Now I attend a conservative Presbyterian church in a very blue state in the Northeast, and a couple of months ago the pastor mentioned said tomb and confidently posited that the whole thing was a hoax, based on the attacks on Shimon Jacobovicci. From that, he can tell his flock not to listen to scholars because they are always trying to trick them into disbelieving the clear, plain words of the Bible. And he can cite scholars who say that the other scholars are liars and charlatans.

Of course, he is full of shit and has no idea what he is talking about any time he mentions an archaeological issue.

My point is that the public will probably never get any of the nuance about the textological debate, but most people will gather from all this that scholars are all a bunch of frauds.

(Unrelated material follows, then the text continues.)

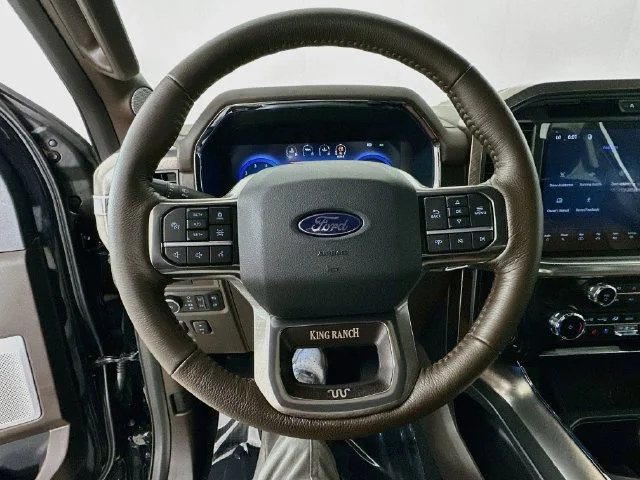 New 2026 Agate Black Metallic Ford King Ranch image 11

If you want the personal attacks to be your legacy (and I would say the same thing to Meyer if he had a blog), then by all means keep it up. But the whole lot of you need better PR strategy.

David Creech said...

After the Annual Meeting I told my dissertation director that I did not think that the criticisms received an adequate response from Pagels, King, Meyer, et al. Although several papers from giants in the field raised legitimate and compelling concerns, Meyer and others resorted to simple dismissals such as, "The thesis is not tenable" or "We'll just have to disagree." The fact is that the original read of the NGS committee does not hold water. Perhaps they have not addressed the actual evidence and arguments that have been put forth because they in fact have no evidence to support their (mis)reading. And, to counter Meyer's claim that only a little group of people disagree with him, my impression is that his position is now in the minority.

Memra said...

You said: "By the way, just to keep things straight. These are not interpretative matters as Meyer keeps saying. This is actually what the Coptic text says. The only interpretative matter is what this means."

Thanks. That's a good line I can use in another controversial context, involving the "unforbidden" gospels.